Some of the bigger challenges have been centred around education. In Lebanon there are over half a million refugee children. The pressures on the school system are immense and unfortunately many children will go without formal education for a number of years. In recent years Tearfund has been working on some protection projects in the schools to support children who have experienced trauma or who might still be at risk in vulnerable homes.
We are also working with a peacebuilding partner that focuses on school children, particularly teenagers. When you have a large number of refugees and limited resources tensions can rise. We are working with teenagers to build peace for the next generation, helping them cope with frustrations, hatred and anger. We are working with them, helping them to appreciate their differences and appreciate one another.
We know it will take a while for the situation in Syria to resolve so we continue to provide for the basic emergency needs, as well as offer trauma care and protection projects. We look to the future and the future generations to build peace in communities.
When we see stories and images from Syria on the news it’s often heartbreaking and seems a hopeless situation. Is this the reality?
Unfortunately Syria continues to experience a brutal conflict which is causing huge devastation to communities, both in people's lives but also to the infrastructure.
We know that the destruction of property has been overwhelming in cities like Homs and Aleppo and other parts of Syria. It will take years to rebuild and restore the nation.

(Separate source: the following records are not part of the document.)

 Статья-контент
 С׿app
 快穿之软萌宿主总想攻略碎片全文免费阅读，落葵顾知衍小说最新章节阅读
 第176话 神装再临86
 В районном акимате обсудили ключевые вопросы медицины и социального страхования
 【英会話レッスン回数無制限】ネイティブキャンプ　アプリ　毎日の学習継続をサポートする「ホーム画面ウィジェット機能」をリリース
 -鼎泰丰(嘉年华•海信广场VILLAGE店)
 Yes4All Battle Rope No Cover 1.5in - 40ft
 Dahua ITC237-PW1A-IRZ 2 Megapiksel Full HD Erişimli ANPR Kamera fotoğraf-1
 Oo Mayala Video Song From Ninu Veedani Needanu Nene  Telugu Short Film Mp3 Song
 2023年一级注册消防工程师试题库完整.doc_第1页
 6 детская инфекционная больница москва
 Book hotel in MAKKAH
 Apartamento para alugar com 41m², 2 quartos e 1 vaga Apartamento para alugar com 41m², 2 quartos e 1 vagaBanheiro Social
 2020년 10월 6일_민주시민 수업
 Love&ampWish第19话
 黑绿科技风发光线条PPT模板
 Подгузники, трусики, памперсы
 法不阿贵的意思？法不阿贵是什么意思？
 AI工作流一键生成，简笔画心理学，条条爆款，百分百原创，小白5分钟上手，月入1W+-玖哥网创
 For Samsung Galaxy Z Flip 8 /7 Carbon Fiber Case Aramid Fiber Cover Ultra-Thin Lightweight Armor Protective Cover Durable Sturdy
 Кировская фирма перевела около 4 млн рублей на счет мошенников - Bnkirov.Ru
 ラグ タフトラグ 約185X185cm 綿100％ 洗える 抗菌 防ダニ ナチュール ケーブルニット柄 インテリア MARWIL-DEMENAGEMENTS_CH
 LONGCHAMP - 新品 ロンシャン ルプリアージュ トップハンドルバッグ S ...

Throughout my time working in the Middle East I have found that virtually everyone wants to stay in their home, their family and community. They only leave because they are desperate and are doing so to save their lives.
I have also heard time and time again the desperation of refugees to return home, to go back to living in peace and stability.
For me this shows the picture of what the situation is really like, families don’t leave home without a good reason and the volume of refugees paints the picture of the scale of the tragedy.
We need to be there to help people as they cope living as refugees. We also need to be there as they return, to help them rebuild their lives, and help bring peace to the region.
Why has the Syria crisis captured public attention so much?
Syria was a strong, developed country prior to the current crisis and unfortunately it descended into a difficult state so rapidly and to some extent unexpectedly.
It has been a global crisis not only involving local politics but also international politics.
The pressure to respond has not only fallen within the country itself but those around and wider still to all the corners of the globe as desperate people just trying to survive are looking for hope and somewhere to stay while the conflict is ongoing.
The scale of the crisis in Syria has at times been at record levels with unprecedented numbers which we just haven’t seen before. For people in the UK this crisis has come to the cities, towns and villages and in many ways we have all been affected by it.
I think more than anything the impact this crisis has had on children has really affected us, whether it is children trying to cross the mediterranean sea, escape the shelling in the cities or survive in tents in foreign lands with nowhere to go.
We are in real danger of having a generation of Syrian children growing up with limited or no education. They have only ever known conflict.
How important is it to keep this public attention on Syria and its people?
Having the public aware of what’s happening in Syria and the other crises in the Middle East is vital. The more we share and the more we understand the better we can speak out to those in power who can have a positive impact on the ground.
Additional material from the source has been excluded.